According to the return of warrant filed by the court bailiff on 17th July 2013, by the time he proceeded to the 1st respondent’s business premises the coffee in the store had already been sold and the 1st respondent’s business offices had relocated to an unknown location. It is also noteworthy that this court had earlier granted an informal application to serve the respondents by substituted service for the same reason that their offices had been relocated and the applicants did not know where they shifted to. For that reason, the applicants have not been able to find the 1st respondent’s new business premises and consequently, the decree has never been executed. The fundamental question that comes to mind is, whether the change of shareholding/directorship of the 1st respondent company and the relocation of its business premises is a mere coincidence or it was intended to defeat the applicants’ claim. I will answer this question shortly after dealing with another matter of concern as I do below.


I must point out that counsel for the 1st respondent attempted to adduce evidence from the bar that were never contained in the affidavit in support of this application. To that end, he even tried to smuggle some documents through the back door by attaching them to his submission to prove that the 1st respondent has no property of its own but the 2nd and 3rd respondents would use their properties to secure its loans or debentures. This was a strange procedure unknown to this court and for that matter I ignored those documents.


Despite the above observations, it is clear that the 1st respondent is unable to pay the applicants and there are steps taken by the 2nd and 3rd respondents who are persons behind that company to frustrate the applicants from receiving the fruit of their decree. I find those actions of the 2nd and 3rd respondents not innocent given the timing. It could not have been a mere coincidence. That was, in my view, fraudulent trading as was stated in R v Graham (1984) QB.675. In that case it was held that a person is guilty of fraudulent trading if he has no reason to believe that the company will be able to pay its creditors in full by the dates when the respective debts become due or within a short time thereafter.


In Salim Jamal & 2 Others v Uganda Oxygen Ltd & 2 Others (1997) II KALR 38 the Supreme Court held that corporate personality cannot be used as a cloak or mask for fraud. Where this is shown to be the case the veil of incorporation may be lifted to ensure that justice is done and the court does not look helplessly in the face of such fraud.


The evidence brought before this court as discussed above proves that the 2nd and 3rd respondents are using the 1st respondent company to trade well knowing that it will not fully pay its creditors. In effect they are using it as a mask to defraud the applicants of the proceeds of their coffee which they supplied and were not fully paid for. Therefore this court cannot look helplessly in the face of that fraud and allow the 2nd and 3rd respondents to get away with it.

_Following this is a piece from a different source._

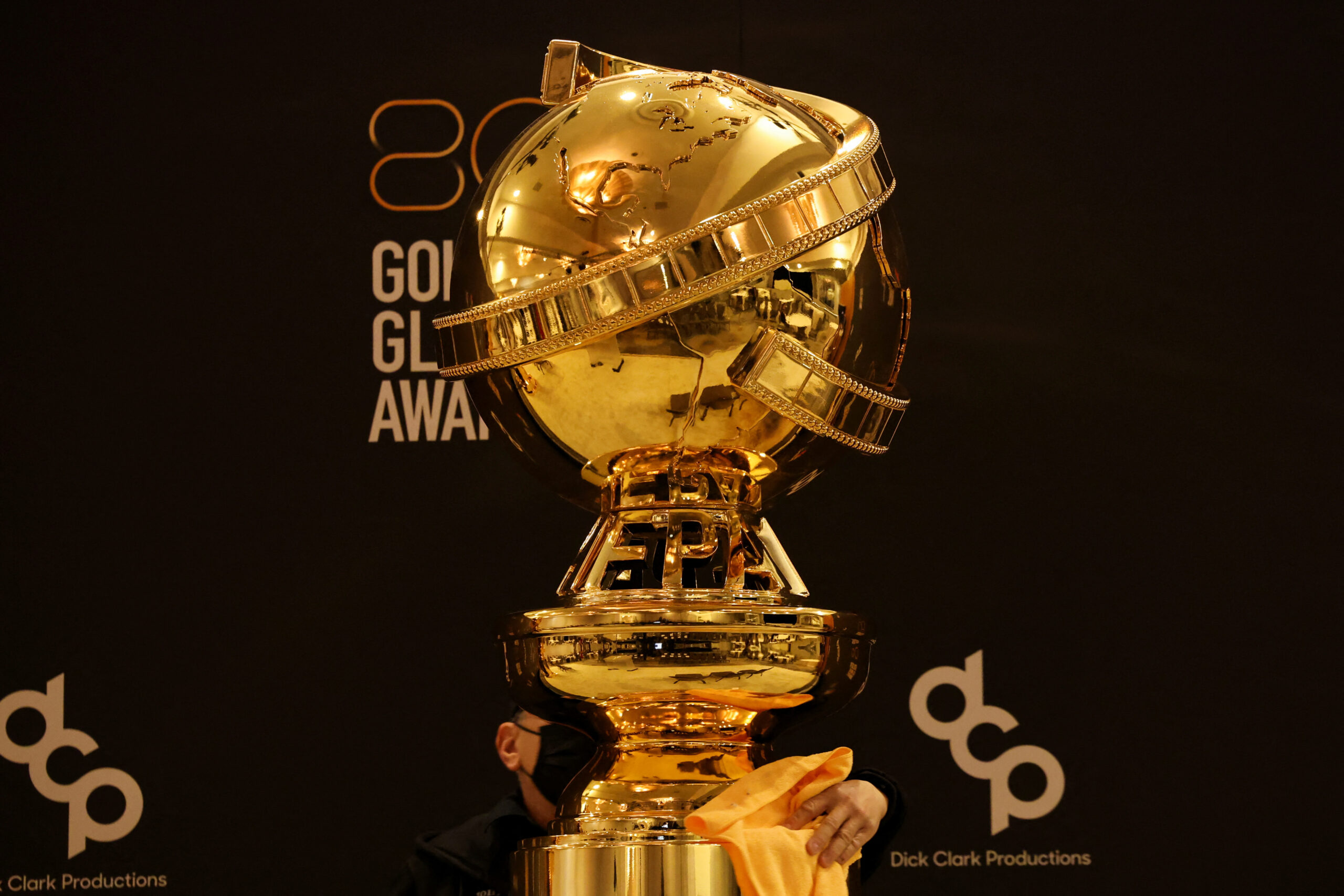Globos de Oro estrenan junta directiva y presentan calendario de premios para 2024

In the circumstances, I would in the interest of justice allow this application by lifting the veil of incorporation of the 1st respondent company and it is accordingly lifted. Since there is proof that the 2nd and 3rd respondents were its shareholders and directors when the debt was incurred and subsequently when the judgment was obtained and the decree issued, they should become liable for that decretal sum.


In the result, it is ordered that the 2nd and 3rd respondents shall jointly and severally pay the sum of UGX 163,277,000/= plus interest at 22% and costs of the suit pursuant to the decree in HCCS No. 502 of 2012 given under the hand and seal of this court on the 20th day of March 2013.


Costs of this application are awarded to the applicants.


I so order.


Dated and signed this ….day of November 2015.